Many critics have also mentioned costs: yes, to counter an enemy rocket, is an expense task that does not favour Israel. Each battery, costs over $50 million, and one interceptor Tamir missile costs approximately $80,000. In contrast, a cheap Hamas missile costs a mere 500$ to produce. So, that equals 2 Tamir missiles deployed to intercept each Hamas rocket. If you do the math, for every rocket Hamas or Hezbollah uses, Israel spends over 300 times to deter. Israel’s military budget of 5% of its GDP is already one of the highest in the world. This is money that they could potentially use for infrastructure, education or a slew of other projects.

On the news and social media, we saw dark skies, illuminated by hurling fireballs and sirens wailing away, reminiscent of alien invasions or apocalyptic battles in film. Also, if you think deep, it seems very surreal that a nation in 1948, fended off a host of Arab enemies with the most basic Czechoslovakian-made weapons and now has evolved in a mere 3 generations to having a sophisticated defense system that is the envy of most large nations – and this is while we still have veterans of the 1948 war still living among us. Since 2010, the US has also donated massive amounts of aid to help keep the state of the art defence project afloat.

The Dome is also designed to operate in all weather patterns, including fog, rain or snow. In addition, there are Iron Dome installations across the nation. Most are situated strategically in close proximity to Hamas territory. There is also an installation in Tel Aviv. These are also mobile and can be transported by trucks if the need arises and cover more ground (or air). In 2016, Hanan Shpetrik, an Israeli toy car designer, came up with a kid’s toy version of the Iron Dome. Who knows maybe a Transformers movie character morphing into an Iron Dome could be next? Shpetrik in an exclusive interview revealed that the die-cast models were a limited edition of 2000 toys.
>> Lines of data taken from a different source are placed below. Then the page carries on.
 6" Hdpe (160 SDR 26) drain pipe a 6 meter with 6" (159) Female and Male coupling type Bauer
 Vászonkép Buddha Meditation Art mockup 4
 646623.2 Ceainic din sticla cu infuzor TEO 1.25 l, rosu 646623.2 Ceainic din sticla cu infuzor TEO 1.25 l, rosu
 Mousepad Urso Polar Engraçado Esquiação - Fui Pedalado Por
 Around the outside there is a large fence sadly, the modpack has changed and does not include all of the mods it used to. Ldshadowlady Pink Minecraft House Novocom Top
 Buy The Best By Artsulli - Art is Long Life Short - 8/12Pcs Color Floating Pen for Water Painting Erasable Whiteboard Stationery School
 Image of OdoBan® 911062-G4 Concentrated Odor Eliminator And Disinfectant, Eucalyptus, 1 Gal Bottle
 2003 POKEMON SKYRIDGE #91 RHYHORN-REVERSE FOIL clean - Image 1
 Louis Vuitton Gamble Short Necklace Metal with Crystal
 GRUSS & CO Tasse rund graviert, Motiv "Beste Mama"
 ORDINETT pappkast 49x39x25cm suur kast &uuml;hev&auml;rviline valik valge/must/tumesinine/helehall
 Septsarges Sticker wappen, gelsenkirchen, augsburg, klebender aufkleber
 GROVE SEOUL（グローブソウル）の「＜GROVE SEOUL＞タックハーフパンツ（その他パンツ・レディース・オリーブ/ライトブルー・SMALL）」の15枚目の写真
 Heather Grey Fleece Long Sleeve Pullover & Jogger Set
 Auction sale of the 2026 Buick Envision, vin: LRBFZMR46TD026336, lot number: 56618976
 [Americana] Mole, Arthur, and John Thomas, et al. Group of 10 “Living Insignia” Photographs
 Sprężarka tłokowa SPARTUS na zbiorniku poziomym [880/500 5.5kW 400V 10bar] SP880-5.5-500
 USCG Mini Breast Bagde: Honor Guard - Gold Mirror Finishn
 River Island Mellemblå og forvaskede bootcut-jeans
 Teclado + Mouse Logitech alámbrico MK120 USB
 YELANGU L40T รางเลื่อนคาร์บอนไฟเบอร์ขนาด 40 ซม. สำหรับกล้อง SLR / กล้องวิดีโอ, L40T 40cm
So, while the dome was built initially to deter Hezbollah in Lebanon, it evolved into a system that has been used against Hamas in Gaza more so. Still, Hezbollah keeps arming itself and now has an estimated tenfold the arsenal it had in 2006. The Lebanese militia probably have more firepower than some small NATO nations and more-so than, the Lebanese Army. So, Israel has to be ready to counter anything thrown its way. This year, Iran’s proxy in Yemen, Houthis conducted not 1 but 3 brazen attacks on the UAE and has conducted many attacks on Saudi Arabia prior. While Hezbollah and Hamas are on the Israeli borders, who knows if in the near future, Iranian proxy Houthis’ missile ranges could increase? UAE is around 1000km away from Yemen, Israel is 2000km. So who knows how things will evolve, if Israel could face threats from miles away. Maybe the Iron Dome is just the first step in evolution for a more wide-ranging future defence mechanism?

So while the dome does not cut casualties by 100%, it saves lives regardless. Therefore, if the goal is to save every possible life to the best of Israel’s ability, then it is an overall success. So, it is an expense which upholds the nation’s safety and stability and reflects that the state of Israel is willing to invest in saving human life no matter the price.